Matrix form of adjoint representation of Lie algebra

We want to prove that the matrix element of $\cal{A}_a$ is \begin{equation}\color{red}{[\mathbf{A}_a]_{cb}=i\,f_{ab}^{\,\,\,\,c}}\,.\tag{13}\end{equation}

The proof is in two steps:

1. If $|{\cal{T}}_1\rangle,\cdots, |{\cal{T}}_N\rangle$ is an orthonormal basis, i.e.,  $\langle \cal{T}_a|\cal{T}_b\rangle=\delta_{ab}$, then by submitting Eq. (7) into Eq. (9), we have the matrix form of $\cal{A}_a$ as  \begin{equation}[\mathbf{A}_a]_{cb}=\left\langle\cal{T}_c\right| \cal{A}_a\left|\cal{T}_b\right\rangle =i\,f_{ab}^{\,\,\,\,c}\,.\tag{14}\end{equation}
2. Now in a general basis $|{\cal{T}}'_1\rangle,\cdots, |{\cal{T}}'_N\rangle$, the matrix form of the adjoint representation is \begin{equation} {\cal{A}}'_a\left|\cal{T}'_b\right\rangle =\sum_{c=1}^N \left|\cal{T}'_c\right\rangle\,\left[\mathbf{A}'_a\right]_{cb}\,.\tag{15}\end{equation} By submitting Eq. (11), (12) and (14) into Eq. (15), we obtain the relation \begin{equation}\mathbf{A}'_a=\sum_{b=1}^N\mathbf{L}^{-1}\mathbf{A}_b\mathbf{L}\,\mathbf{L}_{ba}\,.\tag{16}\end{equation} Meanwhile, since $\Big[{\cal{T}'_a}\,,{\cal{T}'_b}\Big]=\sum_{c,d=1}^N\Big[{\cal{T}}_c\,,{\cal{T}}_d\Big]\mathbf{L}_{ca}\mathbf{L}_{db}=i\sum_{c,d=1}^N f_{cd}^{\,\,\,\,e}\mathbf{L}_{ca}\mathbf{L}_{db}\,{\cal{T}}_e=i\sum_{c,d,g=1}^N f_{cd}^{\,\,\,\,e}\mathbf{L}_{ca}\mathbf{L}_{db}\mathbf{L}^{-1}_{ge}\,{\cal{T}}'_g$, we have \begin{equation} {f'}_{ab}^{\,\,\,\,c} = \sum_{d,m,n=1}^N \mathbf{L}^{-1}_{cm}\, f_{dn}^{\,\,\,\,m}\,\mathbf{L}_{nb}\,\mathbf{L}_{da}\,.\tag{17}\end{equation} Using Eq. (14), (16) and (17), we prove that \begin{equation}[\mathbf{A}'_a]_{cb}=i\,{f'}_{ab}^{\,\,\,\,c}\,\end{equation} holds in a general basis as well.

Remarks: 

• $[\mathbf{A}_a]_{cb}=\left\langle\cal{T}_c\right| \cal{A}_a\left|\cal{T}_b\right\rangle$ only holds in an orthonormal basis.
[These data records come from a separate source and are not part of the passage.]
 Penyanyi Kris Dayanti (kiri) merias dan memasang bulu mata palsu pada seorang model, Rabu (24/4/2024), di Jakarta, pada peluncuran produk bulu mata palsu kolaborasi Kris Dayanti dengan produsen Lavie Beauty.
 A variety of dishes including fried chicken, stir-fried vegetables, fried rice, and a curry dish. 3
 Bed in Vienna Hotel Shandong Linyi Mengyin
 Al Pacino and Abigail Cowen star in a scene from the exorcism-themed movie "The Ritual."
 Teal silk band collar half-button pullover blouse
But $[\mathbf{A}_a]_{cb}=i\,f_{ab}^{\,\,\,\,c}$ holds in any basis, as we proved above.

[Exercise 2] Some literature directly lists Eq. (13) as the definition of  the adjoint representation of Lie algebra. If so, prove that $\cal{A}_a$ defined in Eq. (13) preserves the commutator relation (7).

[Solution] Note that $\left\langle {\cal{T}_m} \right| {\cal{A}_a}{\cal{A}_b}\left|{\cal{T}_n}\right\rangle=\sum_{c=1}^N \left\langle {\cal{T}_m} \right| {\cal{A}_a}\left| {\cal{T}_c}\right\rangle\left\langle {\cal{T}_c}\right|{\cal{A}_b}\left|{\cal{T}_n}\right\rangle=-f_{ac}^{\,\,\,\,m}f_{bn}^{\,\,\,\,c}$, we can compute \begin{eqnarray} \left\langle {\cal{T}_m} \right| \Big[{\cal{A}_a}\,,{\cal{A}_b}\Big]\left|{\cal{T}_n}\right\rangle &=& \left\langle {\cal{T}_m} \right| {\cal{A}_a}{\cal{A}_b}\left|{\cal{T}_n}\right\rangle-\left\langle {\cal{T}_m} \right| {\cal{A}_b}{\cal{A}_a}\left|{\cal{T}_n}\right\rangle = -f_{ac}^{\,\,\,\,m}f_{bn}^{\,\,\,\,c} +f_{bc}^{\,\,\,\,m}f_{an}^{\,\,\,\,c}\\&=&-f_{ab}^{\,\,\,\,c}f_{cn}^{\,\,\,\,m}=i\,f_{ab}^{\,\,\,\,c}\left\langle {\cal{T}_m} \right| {\cal{A}_c}\left|{\cal{T}_n}\right\rangle\end{eqnarray} for any $\left\langle{\cal{T}_m}\right|$ and $\left|{\cal{T}_n}\right\rangle$, and thus $\Big[{\cal{A}}_a\,,{\cal{A}}_b\Big]\left| {\cal{T}_d} \right\rangle=i\,f_{ab}^{\,\,\,\,c} {\cal{A}}_c$. In third equality above, we have applied the relation \begin{equation}f_{ac}^{\,\,\,\,m}f_{bn}^{\,\,\,\,c}+f_{bc}^{\,\,\,\,m}f_{na}^{\,\,\,\,c}+f_{nc}^{\,\,\,\,m}f_{ab}^{\,\,\,\,c}=0\end{equation} which is obtained by submitting the commutator relation (7) into the Jacobi identity.